Gemstone crystals often have naturally brilliant, reflecting faces, but rarely are they perfect and unblemished. Also, their natural shapes do not provide the best expression of their luster, brilliance, dispersion, color, and other inherent properties. In fashioning a gemstone, the skilled artisan tries to develop these hidden assets and to otherwise enhance the gemstone’s general beauty.

From ancient times until the 1600’s little was attempted in the way of shaping gemstones other than to smooth or polish the natural form. Although similarly smoothed, or tumbled, gemstones recently have returned to fashion, the finest pieces of gem rough are now converted mainly into faceted, or shaped, stones.
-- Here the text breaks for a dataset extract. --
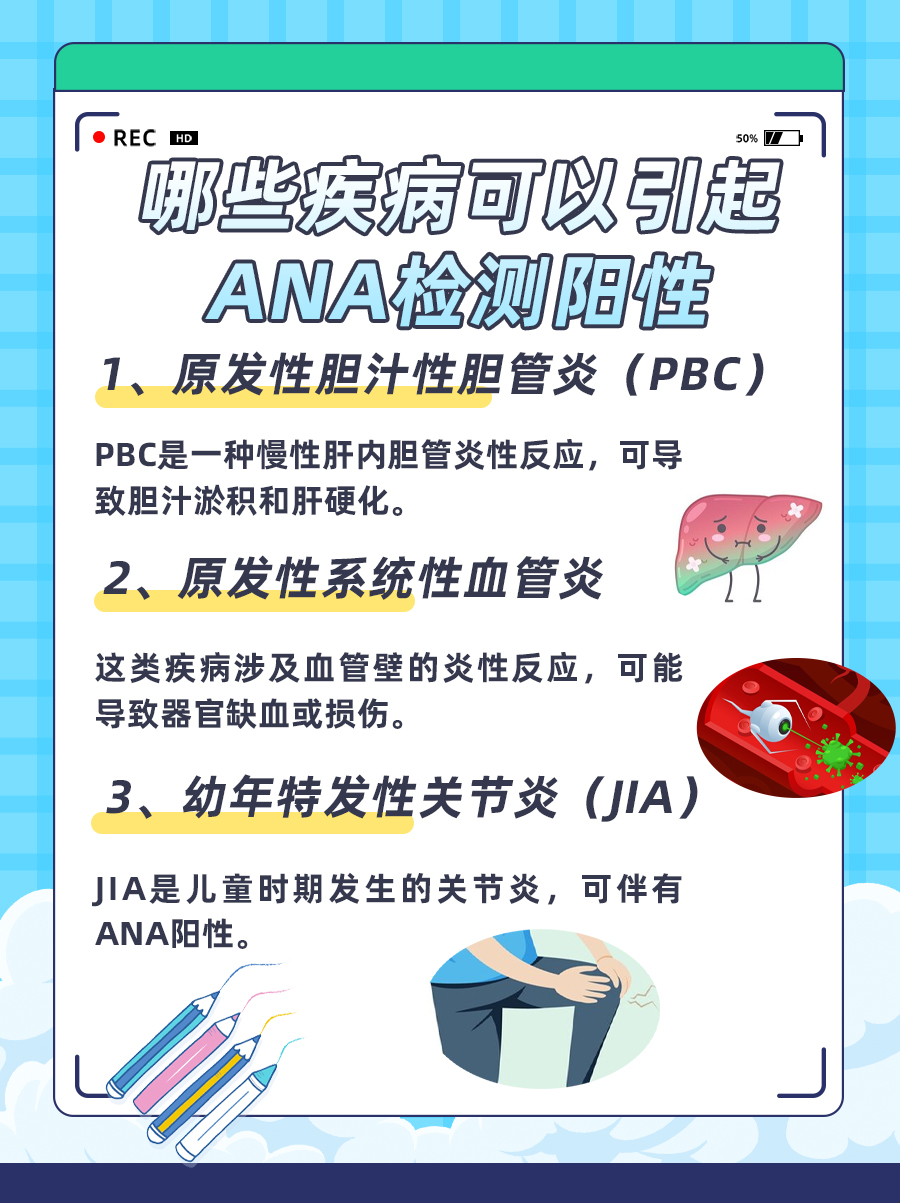 ANA检测阳性？可能是这些疾病的征兆！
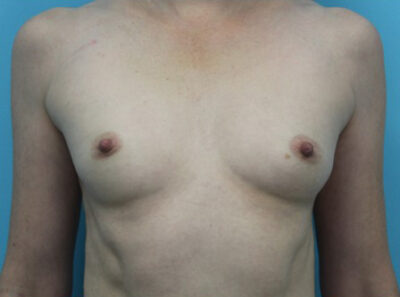 Breast Augmentation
Standard types of facets—the flat faces that are ground and polished on the rough gem material—have been given individual and group names. A typical example is the brilliant cut, which is most commonly used to best bring out the qualities of a diamond.

The standard brilliant cut, with a pattern of many facets, is commonly used for gemstones having a high refractive index and, therefore, great brilliance.

Characteristic of the standard brilliant cut are the 32 crown facets surrounding a relatively small, flat, table facet and the 24 pavilion facets and culet at the bottom of the stone.

Ideal proportions for the standard brilliant cut have been carefully determined so that the maximum amount of light will be reflected back out the top of the stone. Incorrect proportions cause the light to be lost at the bottom of the stone.

The step cut, often called the emerald cut, frequently is used for colored stones because the large table permits a good view of the color.